Representatives of the Benson Institute are helping Ecuadorian families to become self-sufficient by providing training for growing crops and raising animals. (See accompanying video)
The project is part of the institute’s mission to “improve the quality of life of the people of the earth through improved practices in agriculture and nutrition.” The institute recently merged with Latter-day Saint Charities, an arm of Welfare Services of The Church of Jesus Christ of Latter-day Saints.
As Luis Tarquino, father of one of the 140 Ecuadorian families to receive help, said: “Some nutritionists (told us) about how to use the garden crops in our diet. At my home we have eaten up what we planted, the entire harvest now. On behalf of my family I’m grateful to the Benson Institute.” He said he was also grateful that the Benson Institute was helping many other families.
Another family to benefit from the initiative is that of Maria Carmen Quito Chuquin. “In my family, before the Benson Institute came, we didn’t even know how to grow food crops,” she said. “They taught us a lot about raising crops. We didn’t know how to raise guinea pigs either, nor chickens or pigs.” The institute also taught her family about nutrition and “to make things cleaner so that our children don’t get sick.”
“We used to take our baths in the river,” she explained. “We would bathe our children, and they would get rashes. Our children would get sick quite often ... but now we no longer have much of that.

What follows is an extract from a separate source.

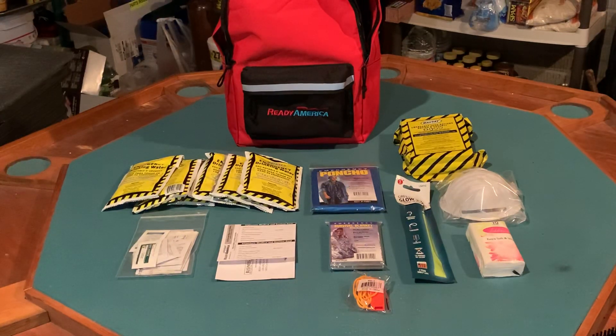One of the good things about this kit is that it hits on a lot of areas, even though I don't believe it really shines in any one area. It covers a lot of ground and could be easily supplemented with your personal preps.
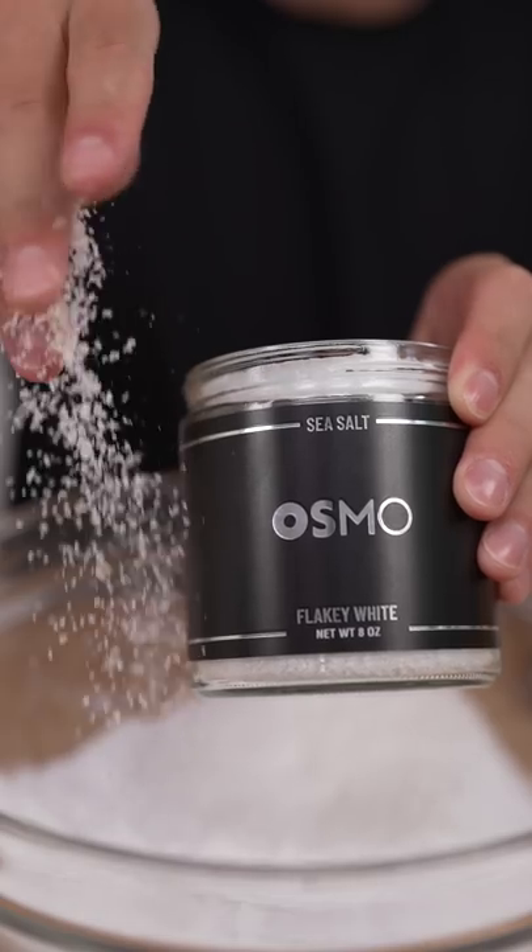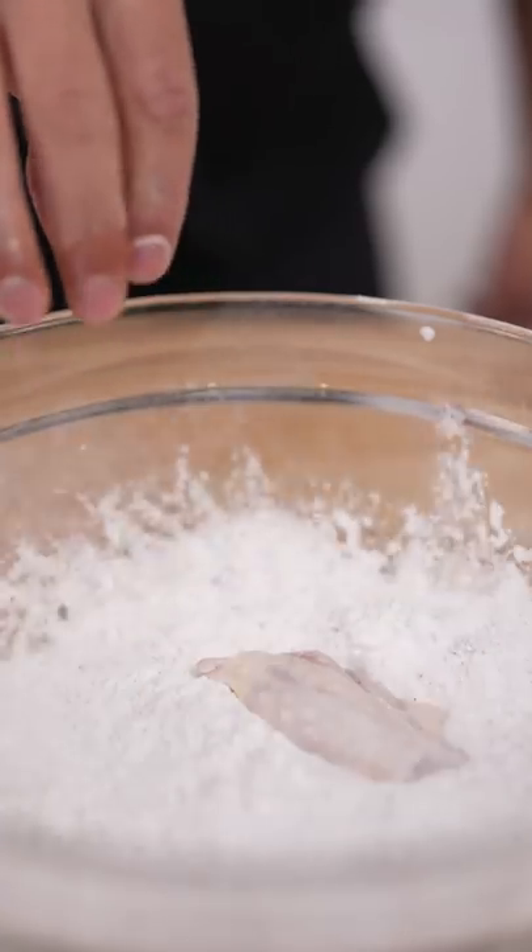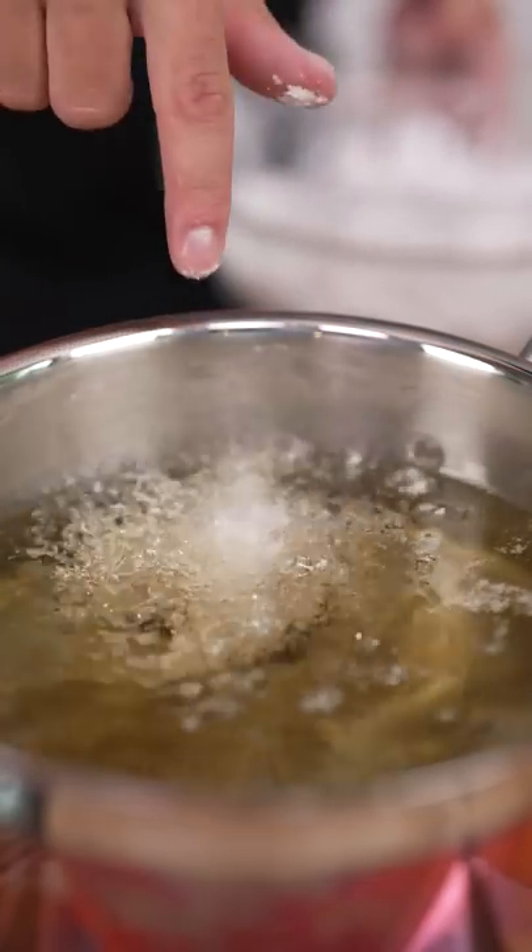Now for our dredge: potato starch, a pinch of Osmo, and a few seasonings of your choice. Now we'll dredge and fry at 350 Fahrenheit.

We bathe at home; we get our water from spigots at home. We prepare our food with water from the faucets; we don’t use water from the ditches anymore. We try to be cleaner, to take care of our families better.”
The feelings expressed by Tarquino and Chuquin are echoed by many who have been helped by the efforts of the Benson Institute. Having water to drink, water for bathing and washing clothes, and enough to eat is something most people take for granted, but in parts of the world providing those basic needs is a challenge.
The Benson Institute is named after former Church President Ezra Taft Benson, who was also a former U.S. Secretary of Agriculture. Since 1975, the institute has been working with rural, impoverished families to raise the quality of life by improving food production, nutrition and health.